What of other economists?  I’ve been fairly vocal on the subject, speaking only for myself  (and I may be the last native New Zealanders who has no family connections to Australia at all, let alone any connections to Australian-owned banks and their shareholders).  My former colleague Ian Harrison has gone into some of the issues in much greater depth.  He’s a New Zealander too –  driven by his reading of the evidence, argumentation, and the public interest – and didn’t do any of his work with Australian bank shareholders as his focus.    I guess we’ll have to wait until the Reserve Bank finally publishes all the submissions to see the full range, but I’ve read several other unpublished submissions by New Zealanders, working for New Zealand firms, that were far from convinced that what the Governor is proposing would be in the New Zealand public interest.

If anything, I have been a little surprised at how quiet the Australian banks have been, at least in public.  Presumably there is intense lobbying going on behind the scenes –  on both sides of Tasman – but isn’t that entirely appropriate, and what one should expect (and welcome)?     Perhaps it would be better still if the debates were played out more openly….but that might require the Governor to actually engage, not to play his “politics of slur” card, that anyone disagreeing with him is simply serving vested interests, in the pocket of Australian banks.
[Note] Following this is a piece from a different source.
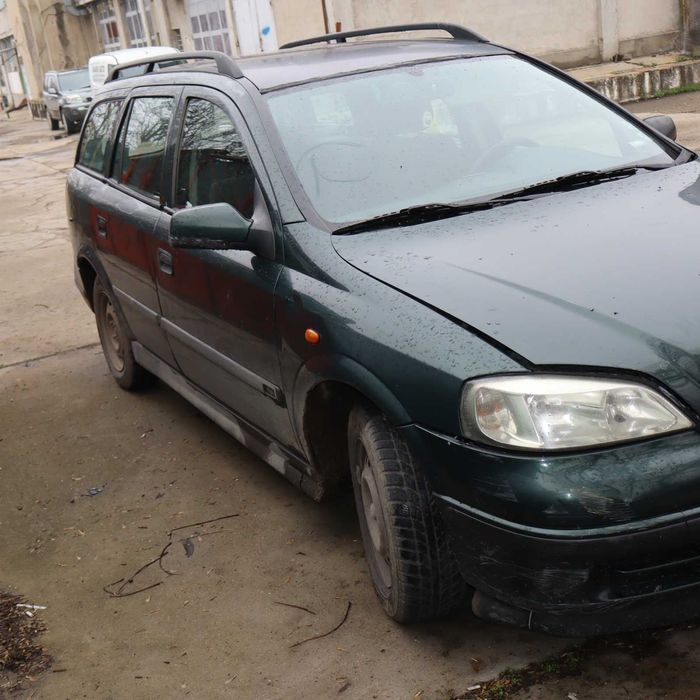 Опел Астра G 1.4 16V 90 к.с. Само на части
And what of that bizarre suggestion that somehow the “screws are being turned….by Opposition politicians”…. “in a way that undermines the process”.  The Opposition must be flattered that anyone thinks they have that much power.  But quite what bothers Dann about the Opposition (or the wider opposition) isn’t clear….except perhaps that it has upset that nice Governor, who only has in mind –  and is clearly gifted with unique insights on – the wider public interest.  Contest and scrutiny and challenge are part of how policy is, and should be, developed and tested.

Anyway, you rather get the gist of the Dann column with this quote

To me, Orr and his predecessor Graeme Wheeler both seem to be intelligent, philosophical thinkers of a kind that is sadly all too rare in the upper levels of the New Zealand political sphere.

or

Neither this Governor nor the last has been troubled by differing views on where interest rates should be or what inflation is doing.

That would be same Governor (Wheeler) who marshalled his entire senior management team to complain formally to one of the banks (he regulated) when that bank’s chief economist criticised Wheeler on monetary policy?

or (of Wheeler)

For some reason many local commentators made assumptions about the Governor being the prickly one.

“For some reason”!    Very good, very visible, reasons –  whether one was inside or outside the Bank at the time.

In Dann’s world, Wheeler and Orr have been something akin to perfect hero knights, to whom the rest of us should defer in some mix of wonder and gratitude.  In the real world, both were pretty deeply flawed, with increasing questions about whether Orr is equipped (eg temperamentally) for the role (it became clear that Wheeler wasn’t).

When half-baked and costly proposals emerge from very poor policy processes –  and when there are no appeals against Orr’s unilateral exercise of statutory power –  those proposals need to be robustly scrutinised and challenged, by entities directly affected (whichever country they come from), and by those with a concern for the wider health and economic wellbeing of New Zealand.    Good proposals always benefit from robust scrutiny (even just enhancing confidence that what looks good actually is) and bad, poorly supported, proposals put forward by the confident and powerful badly need that scrutiny and challenge, in the public interest.   There are plenty of serious questions journalists could put to Orr – if he’d give them access to ask them –  and, on some at least there might be convincing and robust responses.  We’d all be better for hearing how the Governor deals with the substance of disagreement.   At present, reliance on slurs raises further questions as to whether the Bank has good answers, and whether it (and the Governor) have thought broadly and deeply enough.

A few weeks ago we learned that the Governor was planning to have some independent experts rather belatedly involved in what has, to now, been a very poor policy process.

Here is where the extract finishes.